2023: The Year of Poetry

by Bob Schwartz

[The poet’s] role, in short, is to help people to live their lives.
Wallace Stevens

I began this day, new year’s eve morning, thinking about poetry.

Chogyam Trungpa, Buddhist teacher and leader, founded a unique university in Colorado, the Naropa Institute. Among its schools is the Jack Kerouac School of Disembodied Poetics. A school for poets was central to Trungpa’s vision. The story is told that when he arrived after escaping Tibet he said, “Where are your poets? Take me to your poets.”

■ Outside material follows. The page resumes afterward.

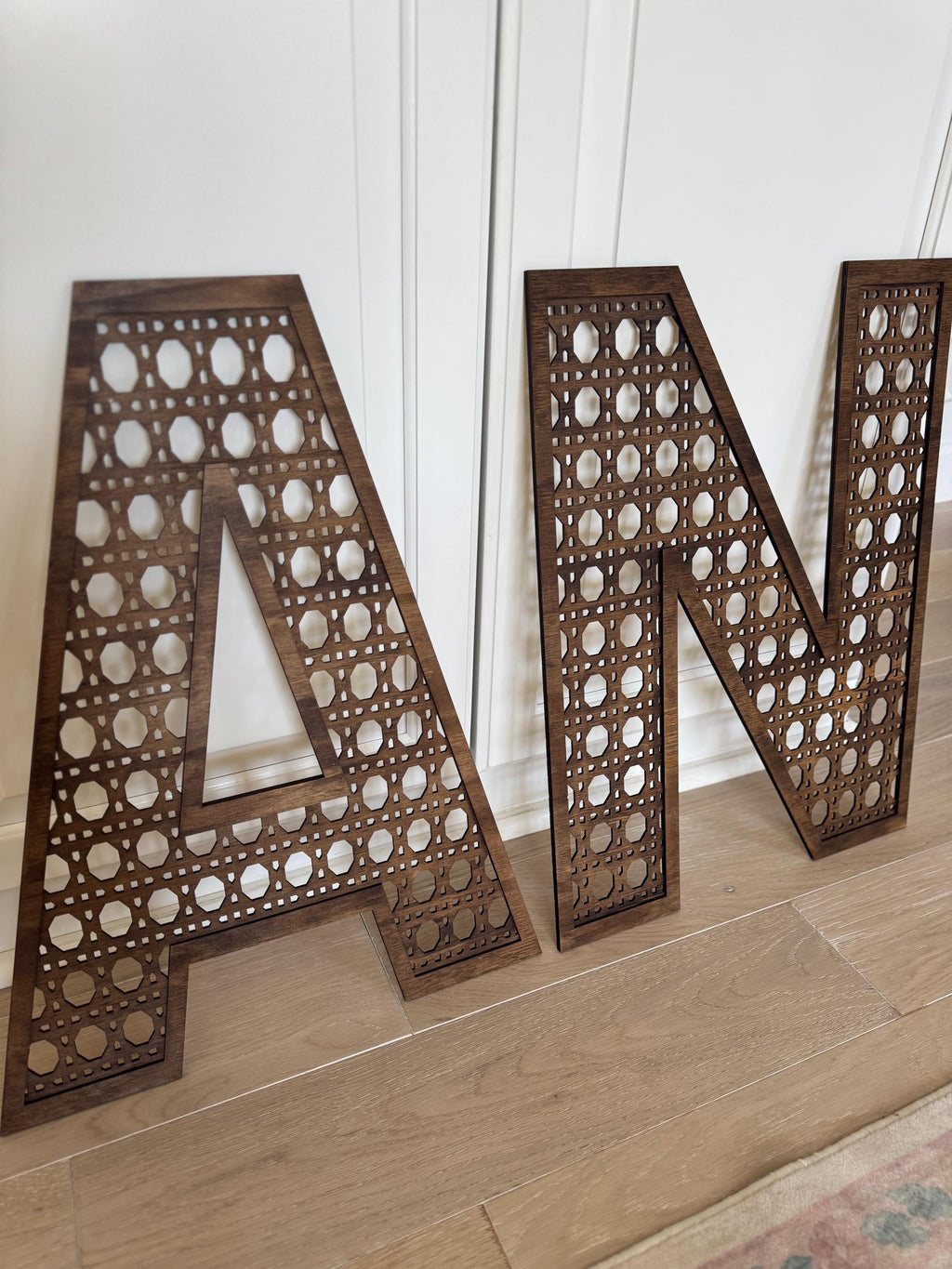 Rattan letter nursery name sign personalized Baby Room Decor custom Kids Wall Art rattan home decor toddler bedroom gender neutral nursery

In 1941, master American poet Wallace Stevens lectured about the role of poetry during an era of crisis. The effect of the depression lingered while a new world war had begun. In “The Noble Rider and the Sound of Words” he said:

For more than ten years now, there has been an extraordinary pressure of news . . . at first, of the collapse of our system, or, call it, of life . . . and finally news of a war. . . . And for more than ten years, the consciousness of the world has concentrated on events which have made the ordinary movement of life seem to be the movement of people in the intervals of a storm. . . . Little of what we have believed has been true. Only the prophecies are true. The present is an opportunity to repent. This is familiar enough. The war is only a part of a war-like whole….

What is [the poet’s] function? Certainly it is not to lead people out of the confusion in which they find themselves. Nor is it, I think, to comfort them while they follow their readers to and fro. I think that his function is to make his imagination theirs and that he fulfills himself only as he sees his imagination become the light in the minds of others. His role, in short, is to help people to live their lives.

All of which is why 2023 should be The Year of Poetry. Maybe you read or write poetry sometimes, maybe frequently, maybe not at all. Those who do know its power. Those who don’t will be enriched by it. Who doesn’t need a little help to live their lives?